# 3mb



## Chris Gatorfan (Apr 8, 2012)

I am on my way out there now. Anyone else heading there tonight


----------



## Breeze (Mar 23, 2012)

Chris Gatorfan said:


> I am on my way out there now. Anyone else heading there tonight


I will be heading out there bout 5 tomorrow morning.


----------



## SaltFish (May 29, 2013)

I'm thinking about heading out there around 10:30 tonight... Is there usually a net available for use out there or should I bring my own?


----------



## Chris Gatorfan (Apr 8, 2012)

If you have one bring it....bite is slow right now been here 30 minutes with one big bite


----------



## SaltFish (May 29, 2013)

will do... are you on the north or south side?


----------



## Chris Gatorfan (Apr 8, 2012)

Nothh side about 3/4s down. Just had a spot open right behind our truck.
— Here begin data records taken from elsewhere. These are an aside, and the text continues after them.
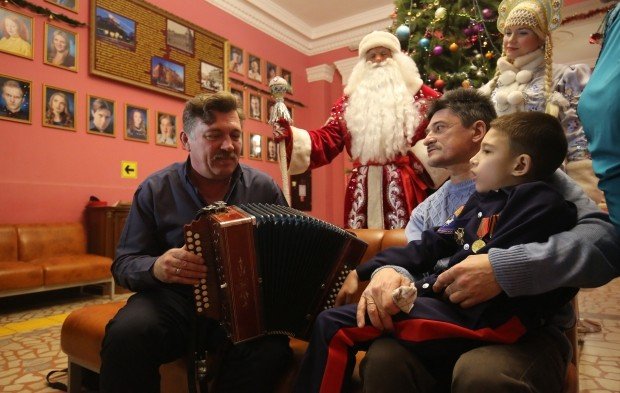 ВОЛГОГРАД. В Волгограде артисты театра помогли исполнить мечту мальчика с инвалидностью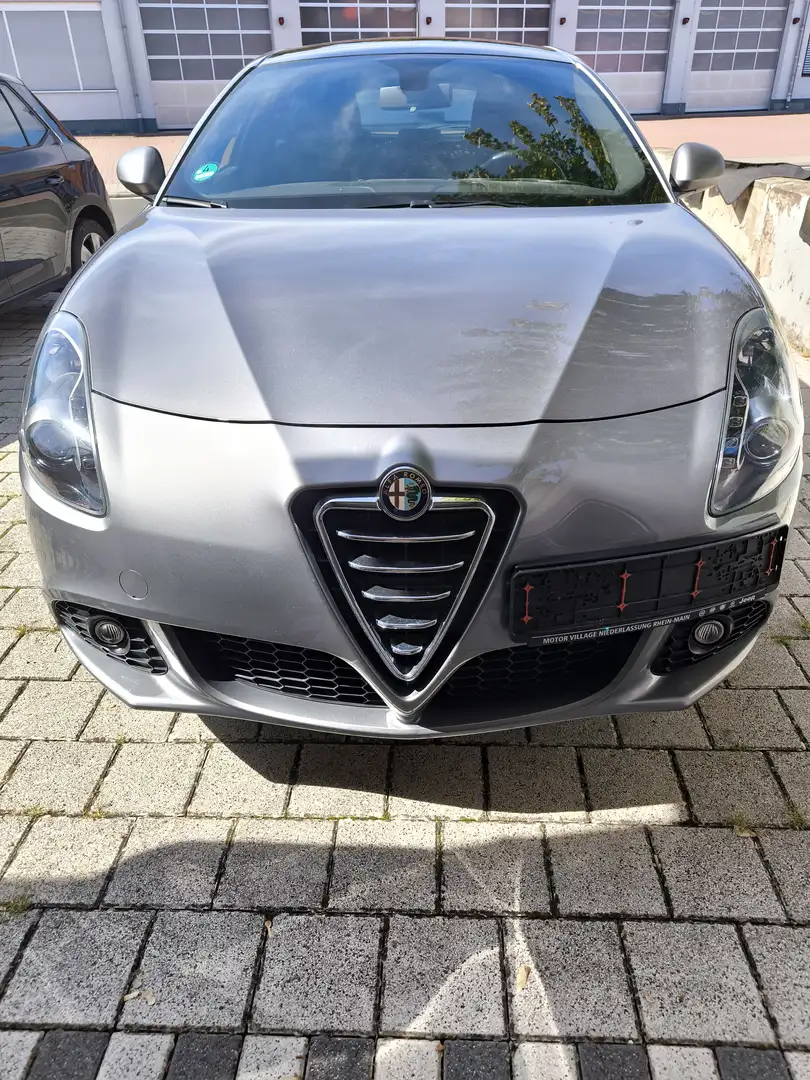 Alfa Romeo Giulietta Giulietta 1.4 TB 16V Veloce Grau - 1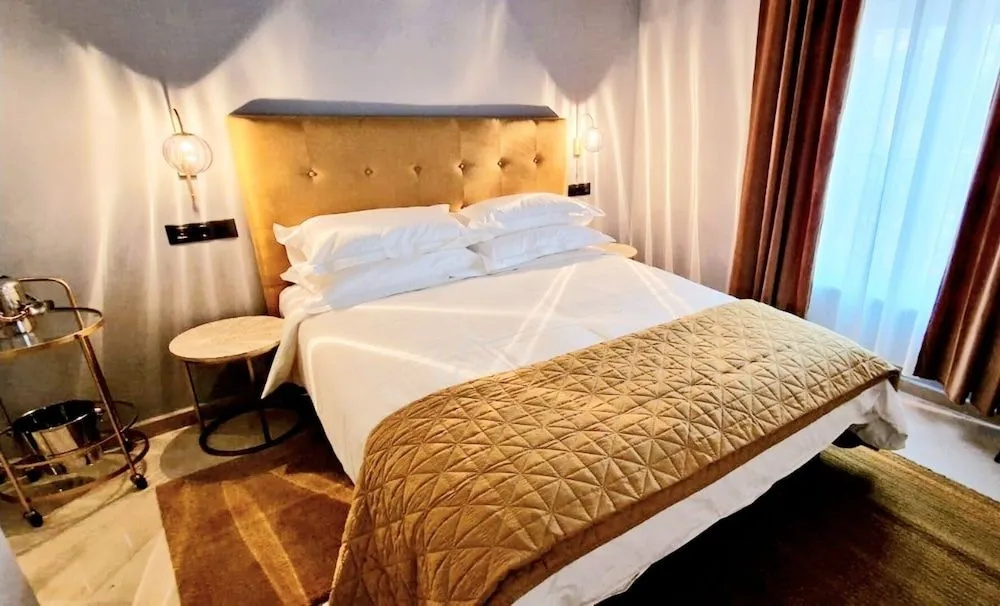 Photo - Boutique Suites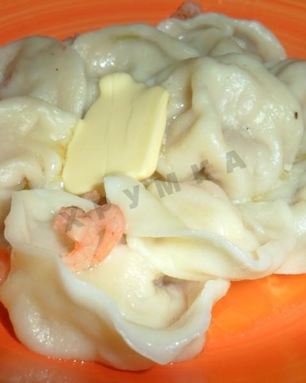 Пельмени с креветками и сыром
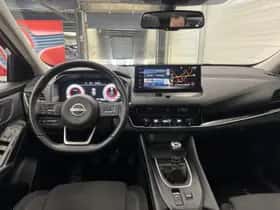 Nissan Qashqai (2023) thumbnail 5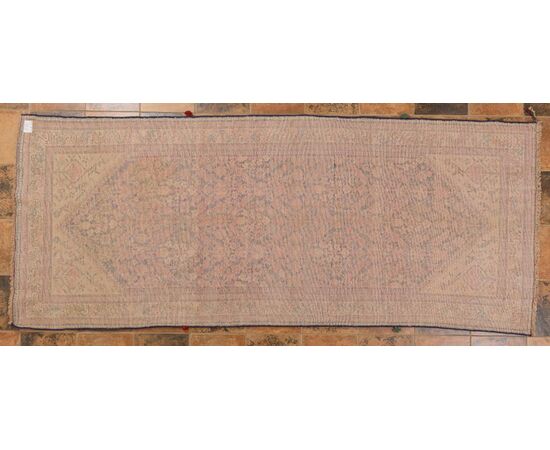 Antique Persian FARAHAN rug - no. 600 -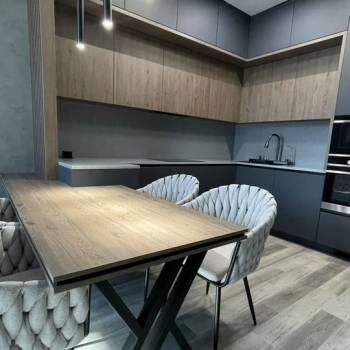 Продается 2-х комнатная квартира, 75,8 м²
Will hold it for you if you want as there are alot of people here tonight


----------



## SaltFish (May 29, 2013)

yea. I"m rigging a new leader then I'm gonna leave. I'm all the way over by innerarity point right now though.


----------



## SaltFish (May 29, 2013)

I can't find any live shrimp... I'm gonna have to cancel on ya man


----------



## Chris Gatorfan (Apr 8, 2012)

No problem heavy rain is about to move in


----------